Agricultural workers, especially those who work outside, experience the full force of nature, and nature, lately, has been very, very hot. Farmworkers perform often intense physical labor in areas of extreme heat, including parts of California’s Central Valley, and in extremely humid summers across the Southeast, Northeast and Midwest. We know that the human body has limits above which its natural heat-fighting abilities, like sweating, aren’t effective. These can result in heat illness, which can include dizziness, cramps, confusion, loss of consciousness, seizures and even death.
Yet heat illness as it affects workers is very poorly studied and understood; heat-related illnesses and injuries are rarely ascribed directly to heat. A recent study had to go back and compare the day’s temperature with individual injuries to figure out which were likely caused by overheating. And heat is, and will continue to be, an increasing risk, with longer and more extreme periods of it. California, the country’s most financially important agricultural state, experienced its hottest summer on record this year. Oregon and Washington weren’t far behind.
Some states, including California, already have heat-related worker protections in place; employers in California, for example, are required to provide shade, heat illness prevention training and not only provide water but encourage workers to drink. This, though, is not always enforced. Somewhere north of 70 percent of California’s farmworkers are undocumented, which dramatically reduces their power to bring workplace violations to light, for fear of arrest or deportation.
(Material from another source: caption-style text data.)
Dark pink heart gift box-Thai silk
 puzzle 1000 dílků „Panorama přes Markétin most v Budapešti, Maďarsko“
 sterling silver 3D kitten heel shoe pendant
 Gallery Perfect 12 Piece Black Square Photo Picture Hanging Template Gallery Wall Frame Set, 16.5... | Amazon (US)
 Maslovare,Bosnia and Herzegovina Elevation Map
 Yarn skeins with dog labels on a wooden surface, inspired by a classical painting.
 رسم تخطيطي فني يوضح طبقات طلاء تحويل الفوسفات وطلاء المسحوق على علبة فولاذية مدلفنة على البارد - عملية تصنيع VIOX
The Biden administration’s announcement notes that it plans to publish a proposal in the Federal Registry for heat illness regulations next month; this, reports Politico, is the first step to creating such regulations. These regulations may involve mandatory rest periods when the temperature is high enough and even a cessation of work at a certain point. But, notes Politico, this is not a particularly fast process, likely taking many months, and so the administration plans to increase its monitoring of workplaces when the temperature rises above 80 degrees. That said, the government has extremely limited power to actually do anything about unsafe actions at the moment; it can provide guidance and assistance, but disciplinary action is unlikely.